→ **DATA SHOWN**
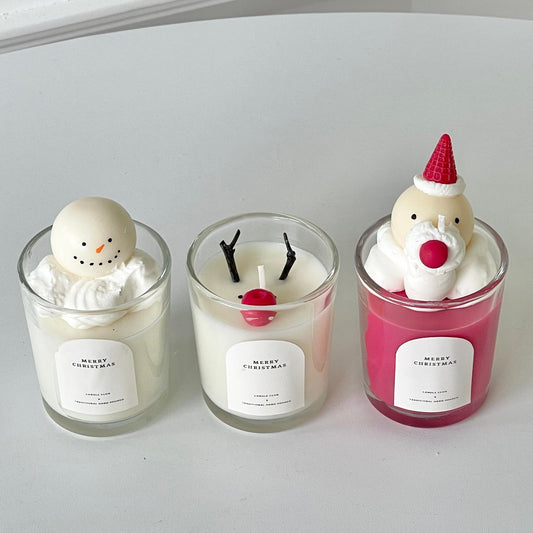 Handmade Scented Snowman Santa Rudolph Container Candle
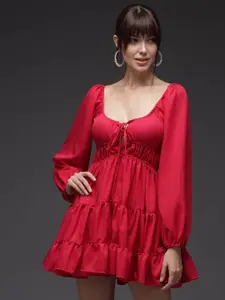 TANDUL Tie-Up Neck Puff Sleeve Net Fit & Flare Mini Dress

...

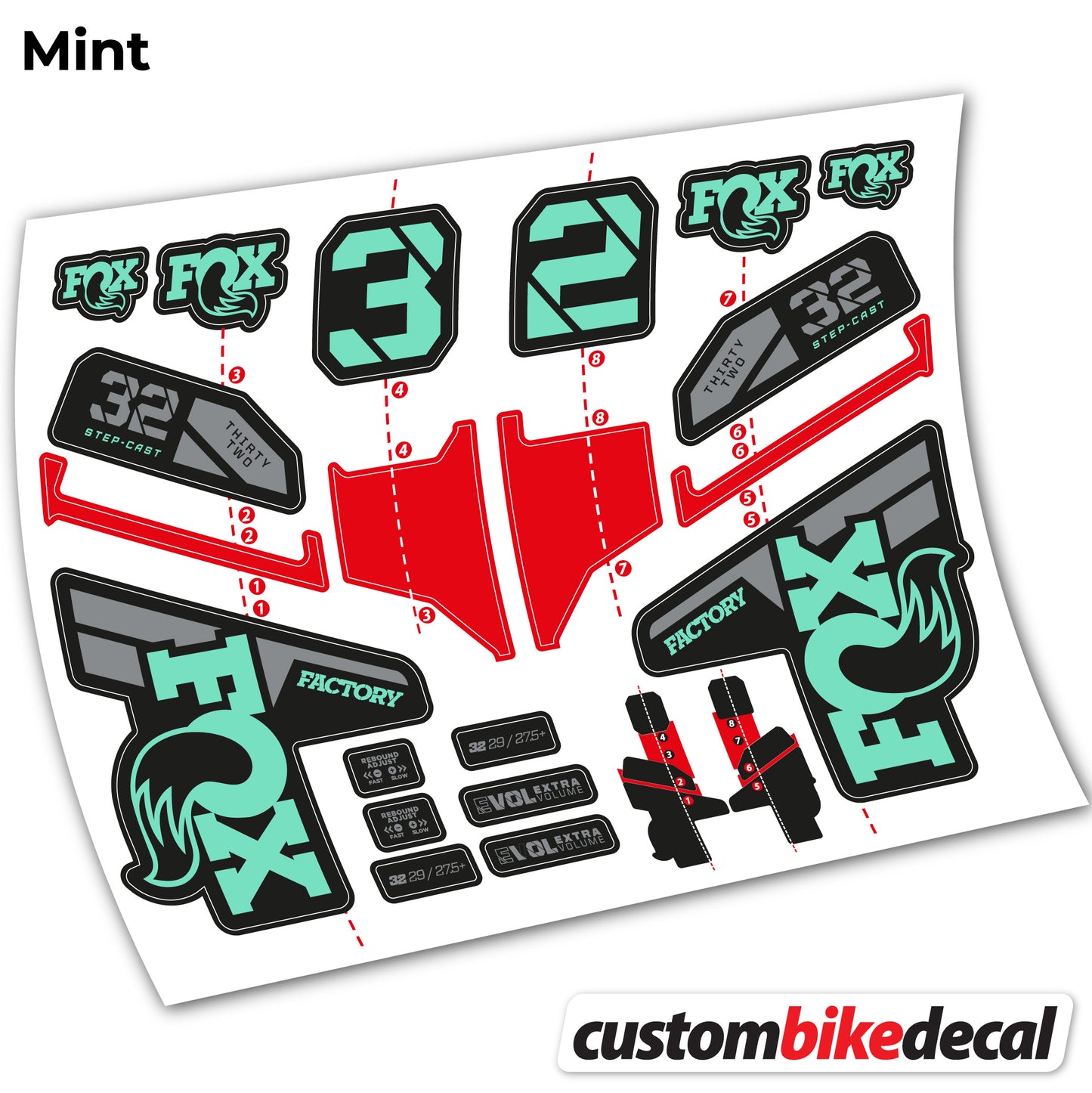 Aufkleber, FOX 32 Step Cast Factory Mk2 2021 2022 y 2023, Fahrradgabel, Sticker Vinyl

==

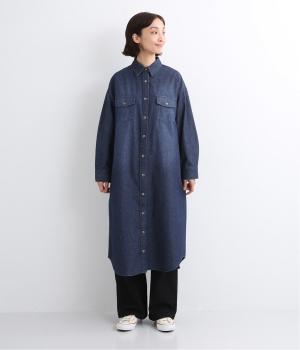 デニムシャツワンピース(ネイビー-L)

→ **YOUR ASSIGNMENT**
Copy the entries above exactly, but only the stretch from the line containing "Handmade Scented Snowman" through the line containing "TANDUL Tie-Up Neck". Keep both end lines; drop the pictures.

→ **ANSWER TO THIS EXERCISE**
 Handmade Scented Snowman Santa Rudolph Container Candle
 TANDUL Tie-Up Neck Puff Sleeve Net Fit & Flare Mini Dress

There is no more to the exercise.